Tell us about a favorite moment so far in your career.
My best memory is probably the first time that I walked into the Lunar Lab as an employee and realized that my dreams had just become a reality. I was working for NASA (!), a place that I wanted to work all my life, and in the lab that I had said I wanted to work in my very first summer in the NASA Space Science Student Ambassador Program.
Who inspired you?
My father. He was a super science geek. He was a mechanic by trade, but loved space science and all things NASA. My father would bring us to NASA open houses every year, take us to science museums' free events and he loved to just come and walk around the Johnson Space Center campus back when it was open to the public. Another fond memory I have is of my father taking my family and I to see the Space Shuttle being brought back to Ellington Field in Houston, Texas. My father's enthusiasm made me enthusiastic, and I found I had a true love for all things science too. Now I am a super science geek. He would love what I do -- he would be so proud.
I am also inspired every day by the endless research and discoveries that occur around me. I learn something new every day at work: Where else can you see and work with a piece of the Moon and get to meet the people who picked them up from the Moon's surface.
What advice would you give to someone who wants to take the same career path as you?
This is always a tough question for me. My path has varied along the way so much that the only real piece of advice I can give is for people to follow their hearts. I began as a biologist and chemist as an undergrad (I wanted to attend medical school and become a surgeon). However, the closer I came to medical school and devoting my life to working as a doctor the more I realized that I was more interested in learning about the workings of the Earth. I realized that I really had a passion for geology. (I wanted to be outside in the sunshine and play in the dirt.) People have asked me if I felt like I made a mistake, but the answer is always "no." It was a hard decision to turn down medical school, but it was the right choice. I love geology, I love getting my hands dirty. The truth is: if you love what you do, then you will succeed at it; there is no way you can fail, because it will always feel like fun!

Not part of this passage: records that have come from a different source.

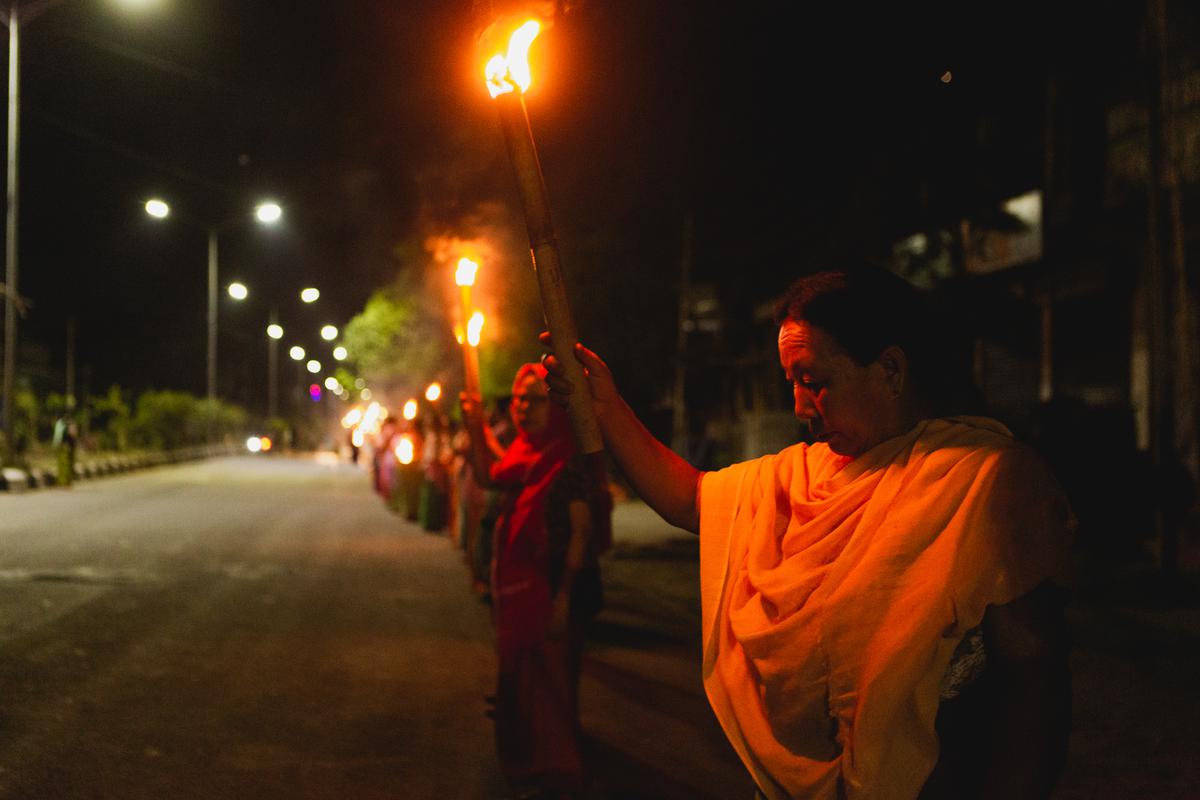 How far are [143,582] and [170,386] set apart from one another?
66.7m

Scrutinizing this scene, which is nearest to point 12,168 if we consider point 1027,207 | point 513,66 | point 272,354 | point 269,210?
point 269,210

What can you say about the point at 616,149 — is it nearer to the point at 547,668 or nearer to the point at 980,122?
the point at 980,122

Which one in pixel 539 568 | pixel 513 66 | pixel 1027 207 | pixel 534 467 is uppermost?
pixel 1027 207

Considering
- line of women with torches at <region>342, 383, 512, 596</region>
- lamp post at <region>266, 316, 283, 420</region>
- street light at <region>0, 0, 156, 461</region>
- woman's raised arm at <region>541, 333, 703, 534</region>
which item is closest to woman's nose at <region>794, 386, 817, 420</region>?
woman's raised arm at <region>541, 333, 703, 534</region>

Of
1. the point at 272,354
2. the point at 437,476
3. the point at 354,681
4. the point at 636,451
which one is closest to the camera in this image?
the point at 636,451

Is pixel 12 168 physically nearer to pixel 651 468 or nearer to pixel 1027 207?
pixel 1027 207

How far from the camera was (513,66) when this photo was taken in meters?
2.23

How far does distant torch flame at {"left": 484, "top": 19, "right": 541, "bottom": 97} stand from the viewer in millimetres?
2191

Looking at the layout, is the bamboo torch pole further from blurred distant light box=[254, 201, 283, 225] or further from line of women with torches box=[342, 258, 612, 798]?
blurred distant light box=[254, 201, 283, 225]

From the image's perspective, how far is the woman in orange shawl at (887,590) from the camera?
188 centimetres

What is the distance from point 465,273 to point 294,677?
137 inches

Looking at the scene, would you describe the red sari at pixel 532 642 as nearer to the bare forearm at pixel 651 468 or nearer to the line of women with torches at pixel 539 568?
the line of women with torches at pixel 539 568

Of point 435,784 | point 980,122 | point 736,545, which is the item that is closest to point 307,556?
point 435,784

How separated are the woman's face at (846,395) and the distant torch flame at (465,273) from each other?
10.3 feet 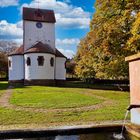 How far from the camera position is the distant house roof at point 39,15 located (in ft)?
148

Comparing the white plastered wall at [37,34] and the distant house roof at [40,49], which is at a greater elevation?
the white plastered wall at [37,34]

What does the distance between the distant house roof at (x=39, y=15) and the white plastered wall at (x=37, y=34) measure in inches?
22.0

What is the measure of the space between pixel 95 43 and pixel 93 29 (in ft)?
6.18

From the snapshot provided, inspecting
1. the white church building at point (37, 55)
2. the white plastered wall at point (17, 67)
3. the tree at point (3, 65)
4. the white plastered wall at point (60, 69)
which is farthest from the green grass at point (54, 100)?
the tree at point (3, 65)

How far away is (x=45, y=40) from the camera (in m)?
45.0

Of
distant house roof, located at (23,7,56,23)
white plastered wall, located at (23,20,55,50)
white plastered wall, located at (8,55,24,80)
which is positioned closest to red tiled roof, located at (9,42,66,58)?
white plastered wall, located at (8,55,24,80)

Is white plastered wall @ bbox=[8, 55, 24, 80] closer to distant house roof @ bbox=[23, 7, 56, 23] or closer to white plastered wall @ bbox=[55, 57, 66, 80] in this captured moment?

My varied background has only made me a stronger, more well-rounded scientist. So, find something you love and stick with it. Don't ever let anyone tell you that you can't do it. There will be obstacles along the way, but you will overcome them. If you are having a hard time pinning down what it is that you love, then do internships and volunteer. Try an internship in something you never imagined that you would be interested in, you will be surprised. School is a time for trial and error: use that time. Spending three months of a summer doing something you don't really like is much better than spending a lifetime.
What do you do for fun?
I have two wonderful dogs and three fabulous cats; they take up a lot of my time these days. Other than my family, I love to travel, go hiking and camping. I am an avid reader and I love to garden. I enjoy watching movies, and, we try to go to at least one museum a week.
If you were talking to a student interested in science and math or engineering, what advice would you give them?
The best advice I can give to any aspiring student is to stick with it. Through perseverance you can do anything and become any one that you desire. We sometimes put limits on what we can do, but there is no limit to what you can achieve if you apply yourself. No one can stop you but "you."